WHAT TO DO
With the line containing "KYMCO呼籲政府能加強補助" as the first and the final line of the entries as the last, repeat exactly the lines in that span, including both.

==============================

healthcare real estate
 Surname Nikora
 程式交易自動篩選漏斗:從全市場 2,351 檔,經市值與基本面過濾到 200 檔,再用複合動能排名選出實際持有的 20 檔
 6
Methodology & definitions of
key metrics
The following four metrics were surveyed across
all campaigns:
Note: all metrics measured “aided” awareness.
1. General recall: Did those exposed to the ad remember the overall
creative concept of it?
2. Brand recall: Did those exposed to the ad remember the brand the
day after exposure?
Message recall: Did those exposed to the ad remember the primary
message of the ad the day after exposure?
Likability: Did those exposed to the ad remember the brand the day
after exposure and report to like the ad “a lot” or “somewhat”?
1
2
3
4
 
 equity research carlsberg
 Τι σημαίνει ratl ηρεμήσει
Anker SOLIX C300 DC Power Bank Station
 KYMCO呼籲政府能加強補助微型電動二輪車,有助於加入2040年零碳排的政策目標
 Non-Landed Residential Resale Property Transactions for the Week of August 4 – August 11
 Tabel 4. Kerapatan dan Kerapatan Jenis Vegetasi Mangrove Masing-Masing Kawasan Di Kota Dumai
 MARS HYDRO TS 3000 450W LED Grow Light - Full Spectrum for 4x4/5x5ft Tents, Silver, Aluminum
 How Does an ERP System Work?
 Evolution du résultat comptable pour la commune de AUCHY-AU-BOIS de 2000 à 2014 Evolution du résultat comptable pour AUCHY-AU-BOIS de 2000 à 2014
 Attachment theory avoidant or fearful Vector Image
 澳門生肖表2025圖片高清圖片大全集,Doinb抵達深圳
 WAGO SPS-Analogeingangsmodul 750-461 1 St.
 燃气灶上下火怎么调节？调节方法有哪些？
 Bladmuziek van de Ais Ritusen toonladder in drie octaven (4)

==============================

PROBLEM SOLUTION
 KYMCO呼籲政府能加強補助微型電動二輪車,有助於加入2040年零碳排的政策目標
 Non-Landed Residential Resale Property Transactions for the Week of August 4 – August 11
 Tabel 4. Kerapatan dan Kerapatan Jenis Vegetasi Mangrove Masing-Masing Kawasan Di Kota Dumai
 MARS HYDRO TS 3000 450W LED Grow Light - Full Spectrum for 4x4/5x5ft Tents, Silver, Aluminum
 How Does an ERP System Work?
 Evolution du résultat comptable pour la commune de AUCHY-AU-BOIS de 2000 à 2014 Evolution du résultat comptable pour AUCHY-AU-BOIS de 2000 à 2014
 Attachment theory avoidant or fearful Vector Image
 澳門生肖表2025圖片高清圖片大全集,Doinb抵達深圳
 WAGO SPS-Analogeingangsmodul 750-461 1 St.
 燃气灶上下火怎么调节？调节方法有哪些？
 Bladmuziek van de Ais Ritusen toonladder in drie octaven (4)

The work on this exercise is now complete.